_AIM OF THE EXERCISE:_
The answer must consist of every line in the records below that contains the string "service".

[Data records]

"""

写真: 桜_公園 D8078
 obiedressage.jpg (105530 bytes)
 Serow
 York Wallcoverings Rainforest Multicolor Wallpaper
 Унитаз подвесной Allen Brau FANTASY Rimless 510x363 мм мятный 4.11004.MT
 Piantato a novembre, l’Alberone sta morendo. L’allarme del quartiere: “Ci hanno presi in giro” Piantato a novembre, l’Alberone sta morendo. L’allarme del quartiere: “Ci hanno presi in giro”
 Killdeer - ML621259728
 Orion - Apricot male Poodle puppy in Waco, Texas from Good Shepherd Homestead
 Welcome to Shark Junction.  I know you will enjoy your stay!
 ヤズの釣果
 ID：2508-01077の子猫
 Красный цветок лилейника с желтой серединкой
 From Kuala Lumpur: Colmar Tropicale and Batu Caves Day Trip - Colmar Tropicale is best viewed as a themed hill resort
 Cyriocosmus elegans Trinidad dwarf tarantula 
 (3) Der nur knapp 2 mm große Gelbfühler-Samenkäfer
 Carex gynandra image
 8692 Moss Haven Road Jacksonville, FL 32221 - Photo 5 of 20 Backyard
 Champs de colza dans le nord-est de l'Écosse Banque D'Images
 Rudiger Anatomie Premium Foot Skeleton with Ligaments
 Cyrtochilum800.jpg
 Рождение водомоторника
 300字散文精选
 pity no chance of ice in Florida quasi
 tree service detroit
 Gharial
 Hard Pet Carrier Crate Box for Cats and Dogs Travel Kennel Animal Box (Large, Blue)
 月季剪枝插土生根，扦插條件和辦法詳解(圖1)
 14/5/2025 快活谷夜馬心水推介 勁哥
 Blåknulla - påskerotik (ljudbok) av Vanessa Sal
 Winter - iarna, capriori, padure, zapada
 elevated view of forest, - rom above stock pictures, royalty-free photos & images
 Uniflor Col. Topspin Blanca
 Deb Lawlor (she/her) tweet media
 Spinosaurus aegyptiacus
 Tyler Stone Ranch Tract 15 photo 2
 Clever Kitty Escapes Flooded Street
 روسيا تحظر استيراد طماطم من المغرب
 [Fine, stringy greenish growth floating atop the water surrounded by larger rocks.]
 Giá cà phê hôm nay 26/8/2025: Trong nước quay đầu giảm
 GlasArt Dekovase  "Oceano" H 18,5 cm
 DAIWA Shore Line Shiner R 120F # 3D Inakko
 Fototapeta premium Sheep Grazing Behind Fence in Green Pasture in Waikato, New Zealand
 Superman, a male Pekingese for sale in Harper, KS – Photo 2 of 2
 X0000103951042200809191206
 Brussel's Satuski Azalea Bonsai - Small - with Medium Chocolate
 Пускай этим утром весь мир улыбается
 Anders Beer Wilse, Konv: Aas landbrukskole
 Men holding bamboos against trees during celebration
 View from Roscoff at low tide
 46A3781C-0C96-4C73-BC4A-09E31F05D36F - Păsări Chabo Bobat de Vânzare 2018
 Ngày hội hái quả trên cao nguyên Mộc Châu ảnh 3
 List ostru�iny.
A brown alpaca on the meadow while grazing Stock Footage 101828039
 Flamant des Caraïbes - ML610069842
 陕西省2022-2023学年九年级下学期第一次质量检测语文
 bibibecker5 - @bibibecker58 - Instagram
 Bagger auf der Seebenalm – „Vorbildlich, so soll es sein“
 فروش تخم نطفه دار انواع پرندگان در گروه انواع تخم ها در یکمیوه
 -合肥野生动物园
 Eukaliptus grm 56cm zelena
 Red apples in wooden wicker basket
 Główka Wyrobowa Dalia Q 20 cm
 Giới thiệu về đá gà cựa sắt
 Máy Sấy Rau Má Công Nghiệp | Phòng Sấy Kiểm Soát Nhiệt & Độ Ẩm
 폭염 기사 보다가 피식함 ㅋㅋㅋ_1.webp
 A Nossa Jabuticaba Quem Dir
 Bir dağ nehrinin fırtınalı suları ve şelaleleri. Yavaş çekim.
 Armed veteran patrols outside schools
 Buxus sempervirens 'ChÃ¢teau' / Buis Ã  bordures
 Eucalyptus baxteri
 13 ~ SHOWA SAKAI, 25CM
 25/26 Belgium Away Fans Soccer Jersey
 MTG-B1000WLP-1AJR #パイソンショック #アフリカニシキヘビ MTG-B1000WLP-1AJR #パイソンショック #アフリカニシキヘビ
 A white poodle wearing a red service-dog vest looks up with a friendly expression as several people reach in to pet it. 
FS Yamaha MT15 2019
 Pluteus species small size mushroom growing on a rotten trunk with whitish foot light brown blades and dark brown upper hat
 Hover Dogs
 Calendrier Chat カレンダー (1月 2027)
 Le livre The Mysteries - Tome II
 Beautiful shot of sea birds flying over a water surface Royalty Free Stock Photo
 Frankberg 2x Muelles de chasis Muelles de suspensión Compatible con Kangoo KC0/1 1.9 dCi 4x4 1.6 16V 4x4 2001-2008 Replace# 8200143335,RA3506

"""

_RESPONSE:_
 tree service detroit
 A white poodle wearing a red service-dog vest looks up with a friendly expression as several people reach in to pet it. 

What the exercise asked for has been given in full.